Salary workers income suffers in crisis

Salary workers income suffers in crisis

Salary workers have been hit hard by the economic crisis, having seen their incomes shrink significantly from 2010 to 2016: A study published in the Bank of Greece’s Economic Bulletin on Wednesday shows that households’ nominal disposable income dropped by 57 billion euros, or 32.8 percent, in those six years.

Households saw their income decline from 173.5 billion in 2010 to 116.5 billion euros last year, mainly due to the 31.5 percent drop in salaries, from 86.8 billion to 59.4 billion, and the 17.2 percent decrease in social benefits (mainly pensions), from 43.5 billion to 36.1 billion euros.

In the period from 2009 to 2015, annual consumption fell 31.7 billion euros, from 163.7 billion to 132 billion euros. It appears that the decline in consumer spending was smaller than the reduction in households’ disposable income because families used their savings to cover their needs.

In total, the study found that from 2008 up to early 2016, Greek households lost 37.5 percent of their wealth. This means there was a significant shrinking of deposits and liquidation of holdings in securities.

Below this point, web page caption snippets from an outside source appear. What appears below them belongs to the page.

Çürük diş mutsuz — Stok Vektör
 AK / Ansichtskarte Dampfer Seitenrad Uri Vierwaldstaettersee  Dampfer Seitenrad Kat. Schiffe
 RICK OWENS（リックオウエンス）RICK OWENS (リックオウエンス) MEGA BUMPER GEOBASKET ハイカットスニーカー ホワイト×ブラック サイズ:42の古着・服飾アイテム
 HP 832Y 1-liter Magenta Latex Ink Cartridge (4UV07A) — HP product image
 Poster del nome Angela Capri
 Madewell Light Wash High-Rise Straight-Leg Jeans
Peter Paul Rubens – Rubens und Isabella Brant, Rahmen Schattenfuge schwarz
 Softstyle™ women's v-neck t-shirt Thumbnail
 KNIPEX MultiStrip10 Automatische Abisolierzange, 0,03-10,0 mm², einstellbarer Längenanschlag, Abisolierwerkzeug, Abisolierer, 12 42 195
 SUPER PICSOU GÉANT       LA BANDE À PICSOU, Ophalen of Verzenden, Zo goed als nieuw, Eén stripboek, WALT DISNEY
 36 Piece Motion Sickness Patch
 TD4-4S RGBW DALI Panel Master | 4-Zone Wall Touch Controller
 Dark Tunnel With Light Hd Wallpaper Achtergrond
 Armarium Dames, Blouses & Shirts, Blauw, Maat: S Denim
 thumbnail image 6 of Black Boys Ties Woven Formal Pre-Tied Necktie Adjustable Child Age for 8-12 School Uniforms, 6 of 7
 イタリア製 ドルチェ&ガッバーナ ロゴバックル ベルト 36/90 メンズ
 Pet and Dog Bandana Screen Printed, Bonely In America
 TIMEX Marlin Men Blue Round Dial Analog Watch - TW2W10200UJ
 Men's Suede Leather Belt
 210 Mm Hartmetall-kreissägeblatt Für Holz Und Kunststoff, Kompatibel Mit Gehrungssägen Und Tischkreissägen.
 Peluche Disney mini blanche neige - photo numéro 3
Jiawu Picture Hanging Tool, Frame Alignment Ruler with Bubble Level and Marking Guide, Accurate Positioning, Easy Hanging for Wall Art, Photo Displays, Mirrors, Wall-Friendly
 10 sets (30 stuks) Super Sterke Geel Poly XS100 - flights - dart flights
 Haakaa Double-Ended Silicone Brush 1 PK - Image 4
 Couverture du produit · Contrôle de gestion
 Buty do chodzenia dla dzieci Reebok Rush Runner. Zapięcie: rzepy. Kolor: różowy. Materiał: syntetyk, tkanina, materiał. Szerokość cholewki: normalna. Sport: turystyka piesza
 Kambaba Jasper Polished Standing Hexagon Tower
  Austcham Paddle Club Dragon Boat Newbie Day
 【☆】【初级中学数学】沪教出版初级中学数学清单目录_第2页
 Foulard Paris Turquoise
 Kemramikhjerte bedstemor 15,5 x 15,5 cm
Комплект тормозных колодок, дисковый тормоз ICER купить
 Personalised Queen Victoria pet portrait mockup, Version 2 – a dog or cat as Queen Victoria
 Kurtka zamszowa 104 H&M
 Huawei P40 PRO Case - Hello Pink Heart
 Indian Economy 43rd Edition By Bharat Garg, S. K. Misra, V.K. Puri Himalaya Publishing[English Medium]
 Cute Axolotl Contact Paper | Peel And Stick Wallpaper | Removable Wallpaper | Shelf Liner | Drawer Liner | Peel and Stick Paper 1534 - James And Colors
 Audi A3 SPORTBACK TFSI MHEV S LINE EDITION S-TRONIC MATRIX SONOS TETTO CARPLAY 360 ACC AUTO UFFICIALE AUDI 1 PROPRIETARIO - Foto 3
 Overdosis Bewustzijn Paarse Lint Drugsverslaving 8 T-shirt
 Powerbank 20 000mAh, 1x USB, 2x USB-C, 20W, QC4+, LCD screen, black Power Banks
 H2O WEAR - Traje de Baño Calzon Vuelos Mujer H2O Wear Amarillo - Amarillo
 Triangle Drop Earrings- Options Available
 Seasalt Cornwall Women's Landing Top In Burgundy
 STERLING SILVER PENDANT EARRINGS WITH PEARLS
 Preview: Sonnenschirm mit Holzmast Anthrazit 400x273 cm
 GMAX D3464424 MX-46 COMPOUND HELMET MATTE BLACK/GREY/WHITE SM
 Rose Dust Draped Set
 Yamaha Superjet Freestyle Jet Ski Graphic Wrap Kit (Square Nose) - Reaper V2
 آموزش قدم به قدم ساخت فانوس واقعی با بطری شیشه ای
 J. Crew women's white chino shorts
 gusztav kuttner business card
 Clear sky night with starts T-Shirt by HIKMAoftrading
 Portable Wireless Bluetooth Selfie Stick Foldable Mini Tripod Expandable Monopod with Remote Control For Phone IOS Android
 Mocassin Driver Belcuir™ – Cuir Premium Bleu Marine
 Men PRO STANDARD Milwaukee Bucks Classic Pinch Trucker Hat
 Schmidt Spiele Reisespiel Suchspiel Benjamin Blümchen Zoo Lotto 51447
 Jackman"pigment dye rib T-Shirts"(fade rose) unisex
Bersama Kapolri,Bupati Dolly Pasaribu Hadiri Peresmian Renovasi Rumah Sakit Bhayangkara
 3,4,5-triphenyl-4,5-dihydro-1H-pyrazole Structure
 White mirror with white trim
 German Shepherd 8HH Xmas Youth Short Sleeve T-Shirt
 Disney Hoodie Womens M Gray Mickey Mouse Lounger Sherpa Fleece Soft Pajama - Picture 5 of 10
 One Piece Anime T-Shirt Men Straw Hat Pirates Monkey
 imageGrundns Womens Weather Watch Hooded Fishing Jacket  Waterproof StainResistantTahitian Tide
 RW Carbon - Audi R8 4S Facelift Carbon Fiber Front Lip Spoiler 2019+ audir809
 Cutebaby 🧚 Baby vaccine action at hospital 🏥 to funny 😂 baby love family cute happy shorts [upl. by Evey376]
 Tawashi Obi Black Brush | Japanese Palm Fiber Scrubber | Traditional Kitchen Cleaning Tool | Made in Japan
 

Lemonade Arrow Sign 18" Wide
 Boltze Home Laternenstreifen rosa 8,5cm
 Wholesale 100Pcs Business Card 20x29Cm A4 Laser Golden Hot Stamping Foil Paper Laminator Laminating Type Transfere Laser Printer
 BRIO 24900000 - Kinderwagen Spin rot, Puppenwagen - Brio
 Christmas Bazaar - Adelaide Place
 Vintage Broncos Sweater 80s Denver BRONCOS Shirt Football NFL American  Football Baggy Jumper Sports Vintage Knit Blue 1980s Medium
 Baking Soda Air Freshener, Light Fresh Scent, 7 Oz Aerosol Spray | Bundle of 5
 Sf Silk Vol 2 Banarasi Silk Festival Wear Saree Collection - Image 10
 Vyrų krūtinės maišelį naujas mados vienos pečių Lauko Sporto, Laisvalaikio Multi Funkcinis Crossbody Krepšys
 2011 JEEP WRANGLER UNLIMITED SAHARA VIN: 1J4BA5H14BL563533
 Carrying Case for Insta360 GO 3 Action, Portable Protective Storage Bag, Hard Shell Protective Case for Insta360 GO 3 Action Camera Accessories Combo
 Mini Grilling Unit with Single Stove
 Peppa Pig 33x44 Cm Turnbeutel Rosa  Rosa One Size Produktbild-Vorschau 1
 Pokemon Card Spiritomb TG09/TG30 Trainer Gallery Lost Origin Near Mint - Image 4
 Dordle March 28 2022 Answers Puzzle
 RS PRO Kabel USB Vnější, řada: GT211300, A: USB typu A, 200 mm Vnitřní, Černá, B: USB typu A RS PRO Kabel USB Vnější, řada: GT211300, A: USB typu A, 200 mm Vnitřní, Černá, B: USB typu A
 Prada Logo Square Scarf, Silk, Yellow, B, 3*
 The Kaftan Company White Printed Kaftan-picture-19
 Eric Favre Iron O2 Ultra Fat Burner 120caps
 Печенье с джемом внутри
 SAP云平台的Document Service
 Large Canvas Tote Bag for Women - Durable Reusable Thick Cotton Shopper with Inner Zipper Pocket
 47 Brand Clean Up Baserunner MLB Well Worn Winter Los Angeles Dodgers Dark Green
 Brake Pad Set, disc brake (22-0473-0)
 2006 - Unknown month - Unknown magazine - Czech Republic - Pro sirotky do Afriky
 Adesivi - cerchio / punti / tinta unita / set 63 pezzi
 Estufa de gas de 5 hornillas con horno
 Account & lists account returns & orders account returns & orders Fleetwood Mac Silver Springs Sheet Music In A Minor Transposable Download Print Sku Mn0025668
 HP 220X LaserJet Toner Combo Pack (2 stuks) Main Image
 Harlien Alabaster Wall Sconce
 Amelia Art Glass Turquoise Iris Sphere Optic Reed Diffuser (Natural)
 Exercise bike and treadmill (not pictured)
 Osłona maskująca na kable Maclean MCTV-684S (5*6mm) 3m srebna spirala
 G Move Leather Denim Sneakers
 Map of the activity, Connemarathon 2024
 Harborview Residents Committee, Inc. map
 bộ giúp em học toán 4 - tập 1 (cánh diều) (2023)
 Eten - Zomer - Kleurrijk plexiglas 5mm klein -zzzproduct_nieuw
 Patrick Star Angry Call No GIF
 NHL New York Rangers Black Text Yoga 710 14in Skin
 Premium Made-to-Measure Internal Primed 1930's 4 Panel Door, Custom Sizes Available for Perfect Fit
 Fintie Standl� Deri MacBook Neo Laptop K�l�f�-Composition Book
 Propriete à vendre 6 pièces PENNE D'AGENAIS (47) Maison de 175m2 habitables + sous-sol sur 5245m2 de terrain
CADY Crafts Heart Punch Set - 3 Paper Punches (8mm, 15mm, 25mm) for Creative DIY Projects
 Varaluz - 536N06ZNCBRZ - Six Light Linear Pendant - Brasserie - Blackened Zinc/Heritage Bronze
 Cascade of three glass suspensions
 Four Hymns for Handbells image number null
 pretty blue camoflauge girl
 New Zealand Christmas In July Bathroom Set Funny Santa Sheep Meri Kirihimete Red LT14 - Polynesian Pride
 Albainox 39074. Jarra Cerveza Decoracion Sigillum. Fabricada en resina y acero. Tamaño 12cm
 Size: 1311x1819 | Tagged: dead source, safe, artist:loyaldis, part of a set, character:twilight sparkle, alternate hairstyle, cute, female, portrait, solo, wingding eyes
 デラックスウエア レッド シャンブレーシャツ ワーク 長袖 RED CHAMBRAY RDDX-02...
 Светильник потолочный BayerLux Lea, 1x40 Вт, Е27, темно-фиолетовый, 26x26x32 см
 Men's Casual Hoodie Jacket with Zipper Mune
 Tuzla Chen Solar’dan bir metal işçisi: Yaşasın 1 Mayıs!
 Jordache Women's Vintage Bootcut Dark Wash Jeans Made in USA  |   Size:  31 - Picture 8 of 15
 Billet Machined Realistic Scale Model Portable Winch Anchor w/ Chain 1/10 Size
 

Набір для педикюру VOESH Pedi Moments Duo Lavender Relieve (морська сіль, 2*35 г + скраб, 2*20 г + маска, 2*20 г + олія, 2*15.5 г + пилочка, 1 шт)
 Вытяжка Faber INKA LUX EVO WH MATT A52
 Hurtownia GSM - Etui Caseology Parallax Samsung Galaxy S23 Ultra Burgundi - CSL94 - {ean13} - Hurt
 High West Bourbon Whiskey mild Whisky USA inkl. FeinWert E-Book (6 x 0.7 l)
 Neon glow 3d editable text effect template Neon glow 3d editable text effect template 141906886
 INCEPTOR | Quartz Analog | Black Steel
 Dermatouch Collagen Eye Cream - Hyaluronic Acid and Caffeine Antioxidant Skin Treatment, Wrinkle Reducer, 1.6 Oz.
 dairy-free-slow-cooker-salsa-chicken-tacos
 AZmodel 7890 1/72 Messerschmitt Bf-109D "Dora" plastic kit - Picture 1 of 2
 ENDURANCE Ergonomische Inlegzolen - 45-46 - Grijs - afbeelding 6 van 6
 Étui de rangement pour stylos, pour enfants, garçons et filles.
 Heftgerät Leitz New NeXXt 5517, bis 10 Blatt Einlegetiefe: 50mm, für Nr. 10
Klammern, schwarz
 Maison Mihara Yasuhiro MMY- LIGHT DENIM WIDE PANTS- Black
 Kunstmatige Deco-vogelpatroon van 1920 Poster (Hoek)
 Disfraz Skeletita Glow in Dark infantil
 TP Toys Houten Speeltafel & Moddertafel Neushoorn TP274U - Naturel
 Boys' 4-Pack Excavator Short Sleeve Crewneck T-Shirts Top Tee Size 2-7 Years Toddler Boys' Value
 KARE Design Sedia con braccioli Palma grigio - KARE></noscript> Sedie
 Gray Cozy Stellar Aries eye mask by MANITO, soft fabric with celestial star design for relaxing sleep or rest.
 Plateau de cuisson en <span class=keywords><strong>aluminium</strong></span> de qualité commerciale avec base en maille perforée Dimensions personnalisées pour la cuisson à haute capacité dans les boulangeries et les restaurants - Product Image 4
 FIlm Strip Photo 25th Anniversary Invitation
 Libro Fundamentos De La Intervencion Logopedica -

Before the crisis, households’ portfolios were quite complex and displayed great variety, but now savings have diminished as Greeks prefer to keep any extra cash under the mattress. The study found that the share of cash amounted to just 3.2 percent in 2008, while by the first quarter of 2016 it had soared to 17.1 percent due to the economic uncertainty.

The latest data from the Hellenic Statistical Authority (ELSTAT) show that in the third quarter of 2016, household incomes declined further on an annual basis, although consumer spending rebounded from Q3 of 2015: The figures released on Wednesday revealed a 2.3 percent decline, amounting to 600 million euros, in the disposable income of households and of non-profit organizations to 28.9 billion from 29.5 billion euros a year earlier.

Consumer spending posted a 5.5 percent recovery in Q3 from the same period in 2015, rising from 30.2 billion euros to 31.8 billion euros, attributed to the increased use of credit and debit cards, which has brought more transactions into the legal economy from the black market.